Problem: Leaving the pictures aside, restate all of the data exactly.

Data excerpt:
****************************************

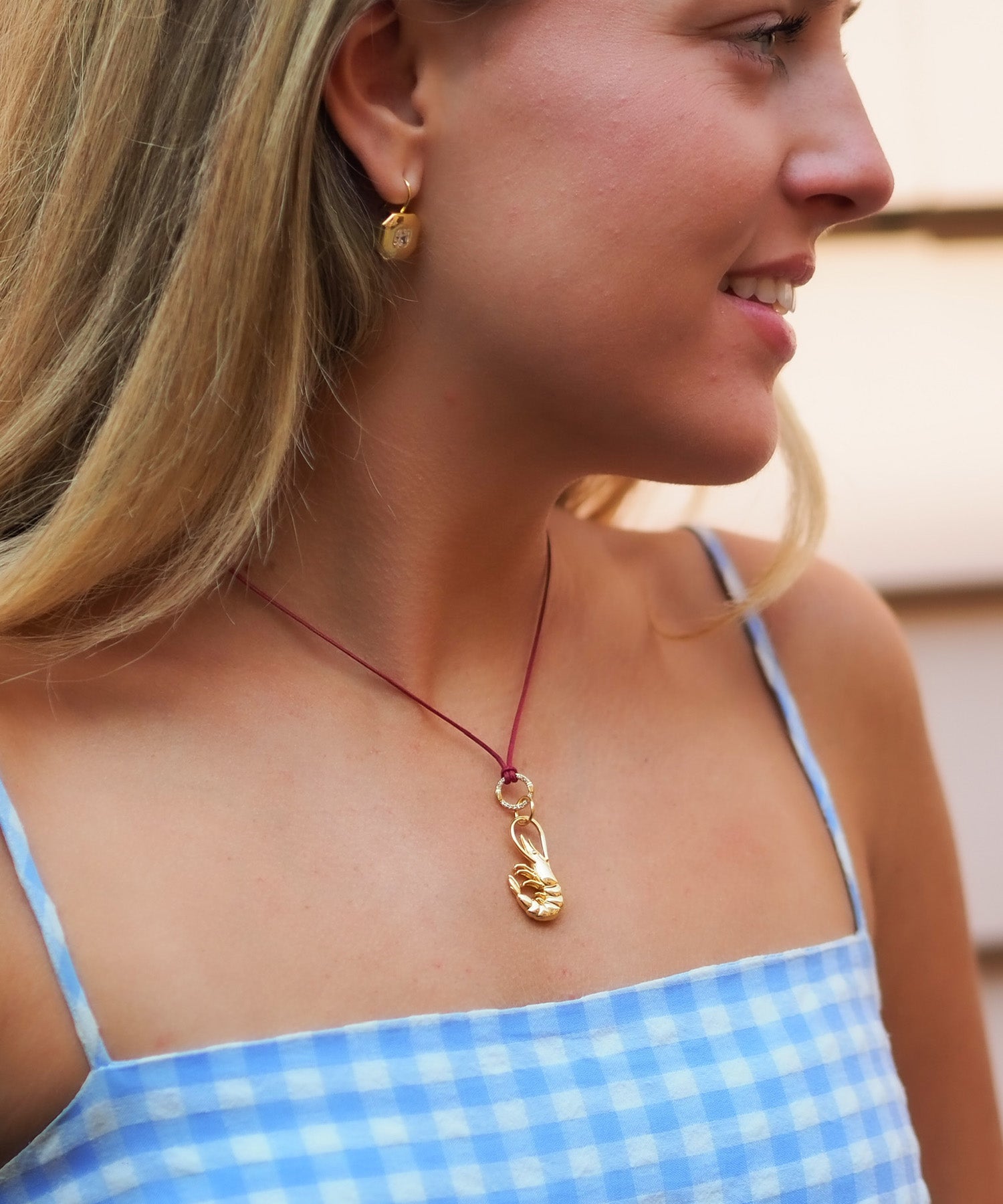 Goldbug Collection Shrimp Charm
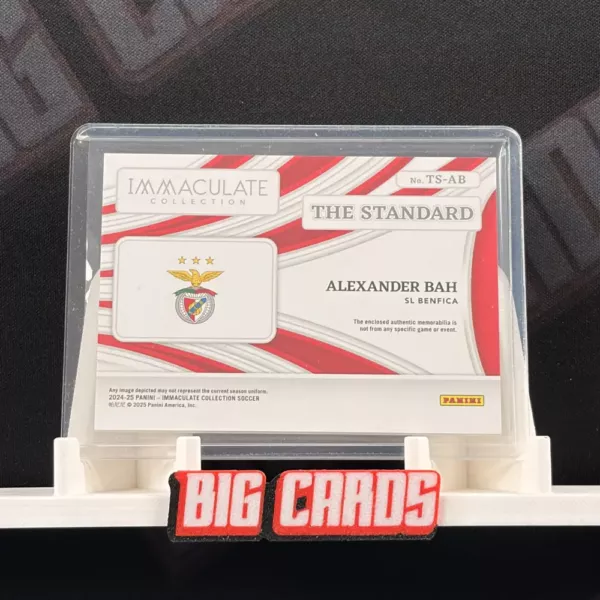 Alexander Bah - Panini Immaculate - Image 2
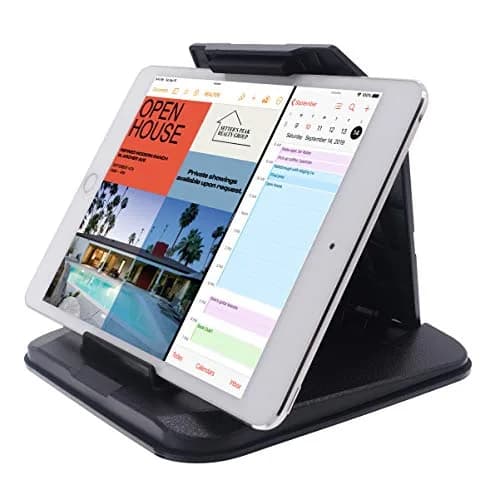 iSaddle Universal Dashboard GPS Phone Tablet PC Navigation Mount Holder with Silica Gel Base, Black (15.8cm x 15.8cm) thumbnail 6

****************************************

Exercise result:
 Goldbug Collection Shrimp Charm
 Alexander Bah - Panini Immaculate - Image 2
 iSaddle Universal Dashboard GPS Phone Tablet PC Navigation Mount Holder with Silica Gel Base, Black (15.8cm x 15.8cm) thumbnail 6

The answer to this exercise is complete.